Die Volkszählung kann die Menschen in der Hansestadt neidisch machen - und ärgern

Der Deutsche staunt, der Hamburger wundert sich - die Volkszählung ist voller Überraschungen. Doch während die Befragung unser Bild von der Bundesrepublik in erster Linie korrigiert, wirft es die Selbstwahrnehmung der Hansestadt in Teilen über den Haufen. Kaum zu glauben, dass man in einem Gemeinwesen, welches für seine Bürokratie und seine Buchhaltung genauso gefürchtet wie geachtet ist, mit 80.000 Menschen zu wenig gerechnet hat.
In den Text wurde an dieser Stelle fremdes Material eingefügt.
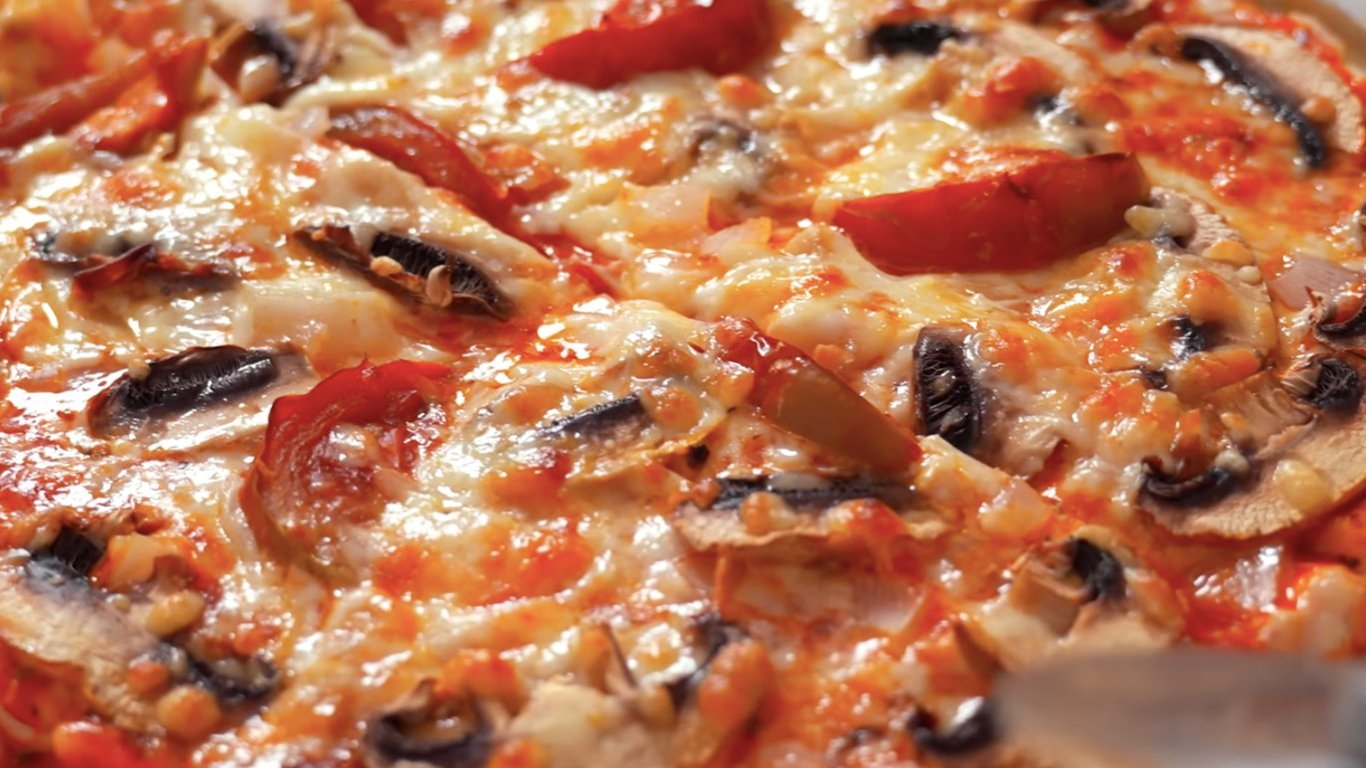 Alternatywa dla tradycyjnej pizzy: podstawa z kurczaka zamiast ciasta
Nichts ist mit den mehr als 1,8 Millionen Menschen, die in den Stadtgrenzen leben, nichts dürfte es mit der Zwei-Millionen-Grenze werden, auf die man als Hamburger zugegebenermaßen gern geschielt hat in Zeiten der Vision von einer Wachsenden Stadt. Und als Laie fragt man sich, wie eine Regierung und ihre Verwaltung eine Stadt vernünftig führen und planen sollen, wenn sie nicht einmal wissen, für wie viele Menschen sie denn nun genau Wohnungen, Kindertagesstätten, Parkplätze, etc. benötigen. Auf die Behörden wartet jetzt auf jeden Fall Mehrarbeit: Sie müssen nämlich sehen, wie sie mit deutlich weniger Geld auskommen - Hamburg wird überdurchschnittlich unter der anstehenden Neuberechnung des Länderfinanzausgleichs leiden.

Das ist aber nicht der einzige Grund, warum man als Hamburger oder in Hamburg Lebender die Daten der Volkszählung mit zunehmender Irritation und am Ende schlechter Laune zur Kenntnis nimmt. Letzteres insbesondere in all den Bereichen, in denen es um Wohnungen und Wohnraum geht.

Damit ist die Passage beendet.